◆ **EXERCISE**: Reproduce the whole of the data exactly.

◆ **TASK MATERIAL**:
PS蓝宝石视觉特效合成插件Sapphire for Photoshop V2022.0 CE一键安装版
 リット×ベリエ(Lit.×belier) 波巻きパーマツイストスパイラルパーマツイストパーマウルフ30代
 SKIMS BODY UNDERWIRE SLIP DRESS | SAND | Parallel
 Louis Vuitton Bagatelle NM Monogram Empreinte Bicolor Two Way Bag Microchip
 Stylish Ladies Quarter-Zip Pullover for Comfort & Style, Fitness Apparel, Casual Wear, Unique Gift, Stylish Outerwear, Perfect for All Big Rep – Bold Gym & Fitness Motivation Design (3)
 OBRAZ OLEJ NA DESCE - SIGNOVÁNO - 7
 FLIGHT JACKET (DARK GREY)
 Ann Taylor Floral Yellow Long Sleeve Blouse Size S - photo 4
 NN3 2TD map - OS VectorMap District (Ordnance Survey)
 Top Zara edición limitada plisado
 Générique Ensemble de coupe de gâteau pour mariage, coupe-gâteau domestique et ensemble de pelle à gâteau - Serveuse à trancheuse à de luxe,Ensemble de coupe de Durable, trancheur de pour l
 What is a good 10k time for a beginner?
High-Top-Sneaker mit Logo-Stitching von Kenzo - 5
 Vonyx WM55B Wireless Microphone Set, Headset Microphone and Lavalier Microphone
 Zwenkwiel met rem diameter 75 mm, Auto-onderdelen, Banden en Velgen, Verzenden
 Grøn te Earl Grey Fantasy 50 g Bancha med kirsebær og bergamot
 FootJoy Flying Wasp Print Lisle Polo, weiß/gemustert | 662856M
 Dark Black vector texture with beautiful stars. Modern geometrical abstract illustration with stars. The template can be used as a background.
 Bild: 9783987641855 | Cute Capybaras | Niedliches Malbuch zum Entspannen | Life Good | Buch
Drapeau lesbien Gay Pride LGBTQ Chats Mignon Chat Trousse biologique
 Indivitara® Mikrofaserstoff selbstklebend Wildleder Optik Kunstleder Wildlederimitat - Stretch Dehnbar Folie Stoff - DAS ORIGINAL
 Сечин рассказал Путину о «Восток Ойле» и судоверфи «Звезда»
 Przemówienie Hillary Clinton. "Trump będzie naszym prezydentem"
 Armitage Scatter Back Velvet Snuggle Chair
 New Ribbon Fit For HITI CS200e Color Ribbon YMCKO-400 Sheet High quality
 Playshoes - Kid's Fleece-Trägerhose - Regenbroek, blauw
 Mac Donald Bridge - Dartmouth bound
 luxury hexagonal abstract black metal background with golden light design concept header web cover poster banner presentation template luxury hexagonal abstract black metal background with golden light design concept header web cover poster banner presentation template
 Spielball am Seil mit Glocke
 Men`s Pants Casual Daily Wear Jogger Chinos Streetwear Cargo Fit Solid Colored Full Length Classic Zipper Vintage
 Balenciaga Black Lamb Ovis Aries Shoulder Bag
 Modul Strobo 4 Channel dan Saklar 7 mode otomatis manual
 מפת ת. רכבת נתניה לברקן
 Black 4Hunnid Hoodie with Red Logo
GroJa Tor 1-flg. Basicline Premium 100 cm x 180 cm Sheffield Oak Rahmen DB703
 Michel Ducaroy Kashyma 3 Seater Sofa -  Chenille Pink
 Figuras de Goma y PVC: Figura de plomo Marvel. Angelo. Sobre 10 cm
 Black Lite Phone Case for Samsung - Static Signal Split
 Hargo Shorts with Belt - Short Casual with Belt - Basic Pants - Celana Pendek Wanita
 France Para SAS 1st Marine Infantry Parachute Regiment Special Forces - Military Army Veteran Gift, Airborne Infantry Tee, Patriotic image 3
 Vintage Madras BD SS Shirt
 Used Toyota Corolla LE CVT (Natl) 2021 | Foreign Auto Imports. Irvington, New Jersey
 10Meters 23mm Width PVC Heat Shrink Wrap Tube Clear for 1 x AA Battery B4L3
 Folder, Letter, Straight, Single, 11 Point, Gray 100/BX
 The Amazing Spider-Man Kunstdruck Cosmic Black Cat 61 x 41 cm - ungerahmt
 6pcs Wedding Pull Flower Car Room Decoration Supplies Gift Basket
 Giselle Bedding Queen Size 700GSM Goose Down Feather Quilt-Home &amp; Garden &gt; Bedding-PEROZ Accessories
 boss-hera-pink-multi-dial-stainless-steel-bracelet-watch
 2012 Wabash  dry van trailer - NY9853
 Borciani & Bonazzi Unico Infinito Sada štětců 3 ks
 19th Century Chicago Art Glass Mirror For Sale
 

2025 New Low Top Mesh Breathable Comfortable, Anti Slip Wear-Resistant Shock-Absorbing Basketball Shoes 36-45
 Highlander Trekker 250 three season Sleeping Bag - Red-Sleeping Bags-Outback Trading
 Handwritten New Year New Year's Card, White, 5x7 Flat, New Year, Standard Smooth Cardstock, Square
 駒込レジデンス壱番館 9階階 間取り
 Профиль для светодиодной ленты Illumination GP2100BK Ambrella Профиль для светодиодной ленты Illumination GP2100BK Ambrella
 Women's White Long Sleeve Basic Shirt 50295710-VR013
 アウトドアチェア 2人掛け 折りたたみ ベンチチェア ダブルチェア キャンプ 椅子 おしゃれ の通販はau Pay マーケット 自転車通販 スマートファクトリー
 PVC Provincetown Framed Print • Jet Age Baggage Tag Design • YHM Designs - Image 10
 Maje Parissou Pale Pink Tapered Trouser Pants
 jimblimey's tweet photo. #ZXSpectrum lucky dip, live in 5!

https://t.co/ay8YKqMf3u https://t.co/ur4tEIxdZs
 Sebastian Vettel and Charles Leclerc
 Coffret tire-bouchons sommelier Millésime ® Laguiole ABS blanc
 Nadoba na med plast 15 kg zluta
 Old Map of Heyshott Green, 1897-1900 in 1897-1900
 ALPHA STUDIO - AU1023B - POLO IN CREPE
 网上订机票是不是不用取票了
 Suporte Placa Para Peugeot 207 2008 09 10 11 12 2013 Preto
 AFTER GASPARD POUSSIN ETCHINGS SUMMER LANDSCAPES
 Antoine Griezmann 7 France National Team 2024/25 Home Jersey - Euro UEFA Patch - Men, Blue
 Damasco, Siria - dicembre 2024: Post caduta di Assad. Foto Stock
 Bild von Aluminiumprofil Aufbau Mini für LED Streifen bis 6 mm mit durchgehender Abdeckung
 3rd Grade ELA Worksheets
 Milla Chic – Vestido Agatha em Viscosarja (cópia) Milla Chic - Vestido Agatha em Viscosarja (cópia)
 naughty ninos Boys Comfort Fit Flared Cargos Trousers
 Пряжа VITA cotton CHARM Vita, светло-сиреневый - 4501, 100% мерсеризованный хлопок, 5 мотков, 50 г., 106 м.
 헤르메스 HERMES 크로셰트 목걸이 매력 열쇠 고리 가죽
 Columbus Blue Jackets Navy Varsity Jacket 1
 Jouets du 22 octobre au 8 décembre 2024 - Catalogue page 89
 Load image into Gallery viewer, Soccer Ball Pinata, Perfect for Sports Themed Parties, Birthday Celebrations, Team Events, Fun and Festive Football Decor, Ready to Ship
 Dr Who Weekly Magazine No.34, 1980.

◆ **TASK RESPONSE**:
PS蓝宝石视觉特效合成插件Sapphire for Photoshop V2022.0 CE一键安装版
 リット×ベリエ(Lit.×belier) 波巻きパーマツイストスパイラルパーマツイストパーマウルフ30代
 SKIMS BODY UNDERWIRE SLIP DRESS | SAND | Parallel
 Louis Vuitton Bagatelle NM Monogram Empreinte Bicolor Two Way Bag Microchip
 Stylish Ladies Quarter-Zip Pullover for Comfort & Style, Fitness Apparel, Casual Wear, Unique Gift, Stylish Outerwear, Perfect for All Big Rep – Bold Gym & Fitness Motivation Design (3)
 OBRAZ OLEJ NA DESCE - SIGNOVÁNO - 7
 FLIGHT JACKET (DARK GREY)
 Ann Taylor Floral Yellow Long Sleeve Blouse Size S - photo 4
 NN3 2TD map - OS VectorMap District (Ordnance Survey)
 Top Zara edición limitada plisado
 Générique Ensemble de coupe de gâteau pour mariage, coupe-gâteau domestique et ensemble de pelle à gâteau - Serveuse à trancheuse à de luxe,Ensemble de coupe de Durable, trancheur de pour l
 What is a good 10k time for a beginner?
High-Top-Sneaker mit Logo-Stitching von Kenzo - 5
 Vonyx WM55B Wireless Microphone Set, Headset Microphone and Lavalier Microphone
 Zwenkwiel met rem diameter 75 mm, Auto-onderdelen, Banden en Velgen, Verzenden
 Grøn te Earl Grey Fantasy 50 g Bancha med kirsebær og bergamot
 FootJoy Flying Wasp Print Lisle Polo, weiß/gemustert | 662856M
 Dark Black vector texture with beautiful stars. Modern geometrical abstract illustration with stars. The template can be used as a background.
 Bild: 9783987641855 | Cute Capybaras | Niedliches Malbuch zum Entspannen | Life Good | Buch
Drapeau lesbien Gay Pride LGBTQ Chats Mignon Chat Trousse biologique
 Indivitara® Mikrofaserstoff selbstklebend Wildleder Optik Kunstleder Wildlederimitat - Stretch Dehnbar Folie Stoff - DAS ORIGINAL
 Сечин рассказал Путину о «Восток Ойле» и судоверфи «Звезда»
 Przemówienie Hillary Clinton. "Trump będzie naszym prezydentem"
 Armitage Scatter Back Velvet Snuggle Chair
 New Ribbon Fit For HITI CS200e Color Ribbon YMCKO-400 Sheet High quality
 Playshoes - Kid's Fleece-Trägerhose - Regenbroek, blauw
 Mac Donald Bridge - Dartmouth bound
 luxury hexagonal abstract black metal background with golden light design concept header web cover poster banner presentation template luxury hexagonal abstract black metal background with golden light design concept header web cover poster banner presentation template
 Spielball am Seil mit Glocke
 Men`s Pants Casual Daily Wear Jogger Chinos Streetwear Cargo Fit Solid Colored Full Length Classic Zipper Vintage
 Balenciaga Black Lamb Ovis Aries Shoulder Bag
 Modul Strobo 4 Channel dan Saklar 7 mode otomatis manual
 מפת ת. רכבת נתניה לברקן
 Black 4Hunnid Hoodie with Red Logo
GroJa Tor 1-flg. Basicline Premium 100 cm x 180 cm Sheffield Oak Rahmen DB703
 Michel Ducaroy Kashyma 3 Seater Sofa -  Chenille Pink
 Figuras de Goma y PVC: Figura de plomo Marvel. Angelo. Sobre 10 cm
 Black Lite Phone Case for Samsung - Static Signal Split
 Hargo Shorts with Belt - Short Casual with Belt - Basic Pants - Celana Pendek Wanita
 France Para SAS 1st Marine Infantry Parachute Regiment Special Forces - Military Army Veteran Gift, Airborne Infantry Tee, Patriotic image 3
 Vintage Madras BD SS Shirt
 Used Toyota Corolla LE CVT (Natl) 2021 | Foreign Auto Imports. Irvington, New Jersey
 10Meters 23mm Width PVC Heat Shrink Wrap Tube Clear for 1 x AA Battery B4L3
 Folder, Letter, Straight, Single, 11 Point, Gray 100/BX
 The Amazing Spider-Man Kunstdruck Cosmic Black Cat 61 x 41 cm - ungerahmt
 6pcs Wedding Pull Flower Car Room Decoration Supplies Gift Basket
 Giselle Bedding Queen Size 700GSM Goose Down Feather Quilt-Home &amp; Garden &gt; Bedding-PEROZ Accessories
 boss-hera-pink-multi-dial-stainless-steel-bracelet-watch
 2012 Wabash  dry van trailer - NY9853
 Borciani & Bonazzi Unico Infinito Sada štětců 3 ks
 19th Century Chicago Art Glass Mirror For Sale
 

2025 New Low Top Mesh Breathable Comfortable, Anti Slip Wear-Resistant Shock-Absorbing Basketball Shoes 36-45
 Highlander Trekker 250 three season Sleeping Bag - Red-Sleeping Bags-Outback Trading
 Handwritten New Year New Year's Card, White, 5x7 Flat, New Year, Standard Smooth Cardstock, Square
 駒込レジデンス壱番館 9階階 間取り
 Профиль для светодиодной ленты Illumination GP2100BK Ambrella Профиль для светодиодной ленты Illumination GP2100BK Ambrella
 Women's White Long Sleeve Basic Shirt 50295710-VR013
 アウトドアチェア 2人掛け 折りたたみ ベンチチェア ダブルチェア キャンプ 椅子 おしゃれ の通販はau Pay マーケット 自転車通販 スマートファクトリー
 PVC Provincetown Framed Print • Jet Age Baggage Tag Design • YHM Designs - Image 10
 Maje Parissou Pale Pink Tapered Trouser Pants
 jimblimey's tweet photo. #ZXSpectrum lucky dip, live in 5!

https://t.co/ay8YKqMf3u https://t.co/ur4tEIxdZs
 Sebastian Vettel and Charles Leclerc
 Coffret tire-bouchons sommelier Millésime ® Laguiole ABS blanc
 Nadoba na med plast 15 kg zluta
 Old Map of Heyshott Green, 1897-1900 in 1897-1900
 ALPHA STUDIO - AU1023B - POLO IN CREPE
 网上订机票是不是不用取票了
 Suporte Placa Para Peugeot 207 2008 09 10 11 12 2013 Preto
 AFTER GASPARD POUSSIN ETCHINGS SUMMER LANDSCAPES
 Antoine Griezmann 7 France National Team 2024/25 Home Jersey - Euro UEFA Patch - Men, Blue
 Damasco, Siria - dicembre 2024: Post caduta di Assad. Foto Stock
 Bild von Aluminiumprofil Aufbau Mini für LED Streifen bis 6 mm mit durchgehender Abdeckung
 3rd Grade ELA Worksheets
 Milla Chic – Vestido Agatha em Viscosarja (cópia) Milla Chic - Vestido Agatha em Viscosarja (cópia)
 naughty ninos Boys Comfort Fit Flared Cargos Trousers
 Пряжа VITA cotton CHARM Vita, светло-сиреневый - 4501, 100% мерсеризованный хлопок, 5 мотков, 50 г., 106 м.
 헤르메스 HERMES 크로셰트 목걸이 매력 열쇠 고리 가죽
 Columbus Blue Jackets Navy Varsity Jacket 1
 Jouets du 22 octobre au 8 décembre 2024 - Catalogue page 89
 Load image into Gallery viewer, Soccer Ball Pinata, Perfect for Sports Themed Parties, Birthday Celebrations, Team Events, Fun and Festive Football Decor, Ready to Ship
 Dr Who Weekly Magazine No.34, 1980.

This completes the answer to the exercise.